Events with Failures

When an operation fails, a failure method is called. This is connectFailed() for failures while building a connection to the server, and callFailed() when the HTTP call fails permanently. When a failure happens it is possible that a start event won’t have a corresponding end event.

Events Diagram

Events with Retries and Follow-Ups

OkHttp is resilient and can automatically recover from some connectivity failures. In this case, the connectFailed() event is not terminal and not followed by callFailed(). Event listeners will receive multiple events of the same type when retries are attempted.

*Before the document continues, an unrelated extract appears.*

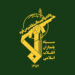 IRGC warns US-linked firms to evacuate amid retaliatory strikes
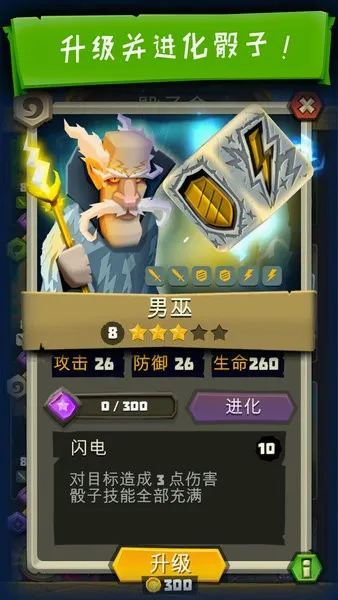 ��������(���Կ�����Ϸ)v6.2.6 �ٷ������ͼ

A single HTTP call may require follow-up requests to be made to handle authentication challenges, redirects, and HTTP-layer timeouts. In such cases multiple connections, requests, and responses may be attempted. Follow-ups are another reason a single call may trigger multiple events of the same type.

Events Diagram

Availability

Events is available as a public API in OkHttp 3.11. Future releases may introduce new event types; you will need to override the corresponding methods to handle them.